Gene sank slowly into his chair, placed his hands carefully upon his desk, and drummed his fingers. Without warning, he suddenly stopped. Whatever thought process had been going through his head was evidently completed. The Gene Hunt mind had cogitated – and now it was made up.
‘She don’t belong here, Tyler,’ he said. ‘She ain’t made of the right stuff. Take her off my hands, will you.’
‘Take her off your hands?’
‘Give her something else to do. Dick her senseless. Marry her, if you can face the prospect. Stick her in the kitchen. Get her pushin’ a pram. Sell her to a brothel and piss the proceeds up a wall. Frankly, I don’t give a wet fart in the deep end of the swimming pool what becomes of her, just so long as she’s not cluttering up my nice, clean shiny department no more.’
‘Guv? What are you saying?’
‘I’m reviewing her suitability as a copper.’
Sam took a step forward: ‘You can’t do that, Guv.’
‘On reflection, Tyler, I think you’ll find I can.’
‘Just because she honked your stupid horn and walked out in a huff?!’

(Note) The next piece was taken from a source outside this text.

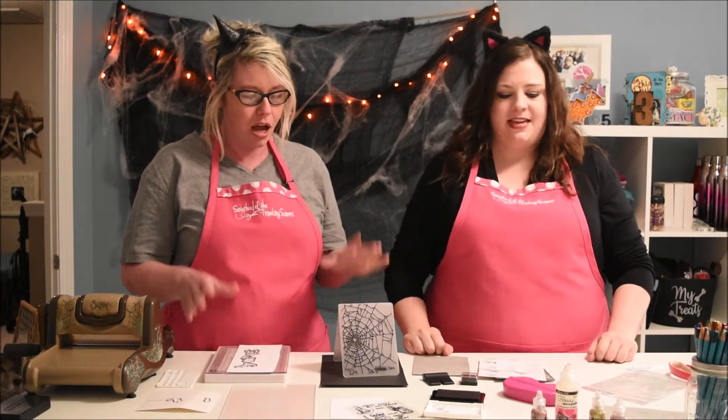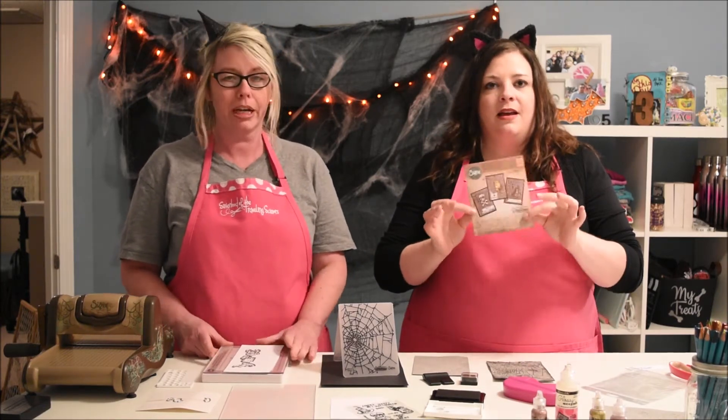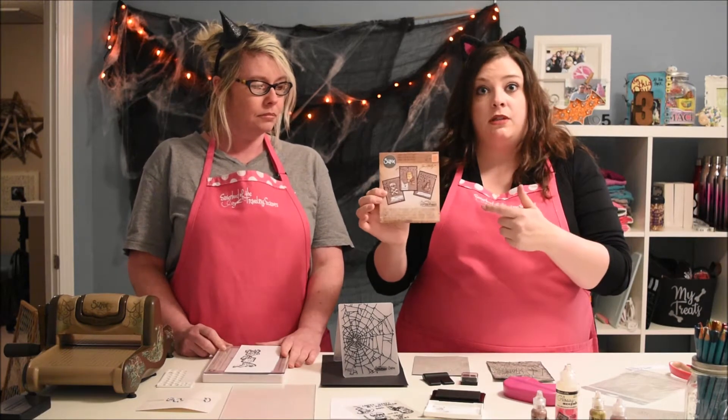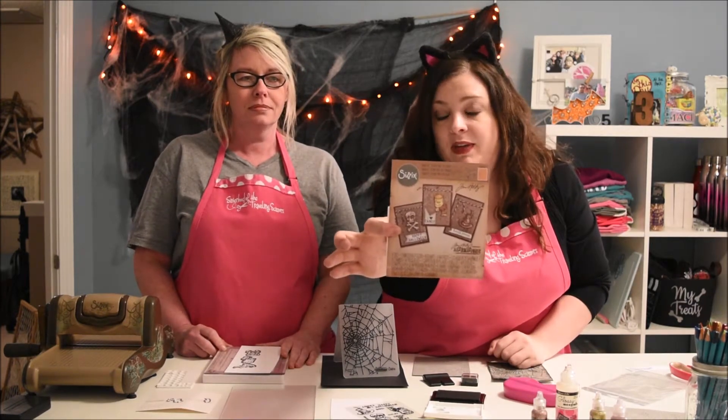We're gonna do a little magic. We went to one of our favorites, Michaels, and picked up a little treat here that we're gonna make for you. I'm absolutely in love with this. It's a line from Tim Holtz, The Alterations. It's by Sizzix and there are three different cards that you can make with this little spooky Halloween card set.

‘There is nowt stupid about my bloody horn!’ Gene bellowed. And then, calming down, he leant back in his chair and said: ‘I ain’t made a final decision yet. The ball is still in play. But if I get wind of any further abuses of police records, or conducting interviews without my say-so – or if she so much as glances at my horn – I will have her suspended and investigated. She can lose her job. She can go to prison.’
‘Oh, don’t be so stupid!’ Sam scoffed.
‘Gross misuse of official police records! Using her standing as a police officer to conduct private affairs! That ain’t just a slap on the wrist, Sammy boy, that’s the full disciplinary. Now – I think you’d better go out there and get them files off her. Put ’em all back on the shelves where they belong and forget all about them. Tell her to chuck that list of ex-coppers in the bin. And get her doing something useful round here, like dusting that plant with the big leaves outside the canteen – have you seen it? It’s a state.’
Sam threw up his hands: ‘You’re mad, Guv! Annie’s one of the best coppers you’ve got! And you’re going to flush her and her career and her life down the pan just because …’ He broke off, furrowing his brow, thinking hard. Almost to himself he said: ‘Wait a second …’
‘Don’t bother trying to change my mind on this, Tyler. Cartwright’s been a disruption in this department from day one. Her recent behaviour’s just the final straw.’
‘Wait, wait, wait a second,’ said Sam, realization dawning on him. ‘This isn’t just about Annie’s behaviour. It’s about what you’re frightened she’s going to dig up in those files!’
Gene stared at him, unblinking, fierce. In a menacing voice, he said: ‘There are dogs out there, Tyler. Big ones. Big, bastard ones with bad teeth, bad breath, and bad manners. And right now this very moment, them big, bad bastard dogs are fast asleep and dreaming of bunny rabbits – and whilst they’re asleep, so are all their grubby secrets, you see?’
‘You know there’s a cover-up in those files, Gene,’ said Sam, looking him straight in the eye.
‘Of course there’s a cover-up in them files,’ Gene answered in a low voice. ‘Hundreds of ’em. This is CID, what do you ruddy expect? But whatever Cartwright’s digging up is ancient history. It’s done with. So let’s leave them big, bad doggies snoozing, yes? Coz if some ’erbert steps on the wrong tail and wakes one of ’em up, then somebody somewhere’s gonna get bit. ’Orribly. Where it ’urts.’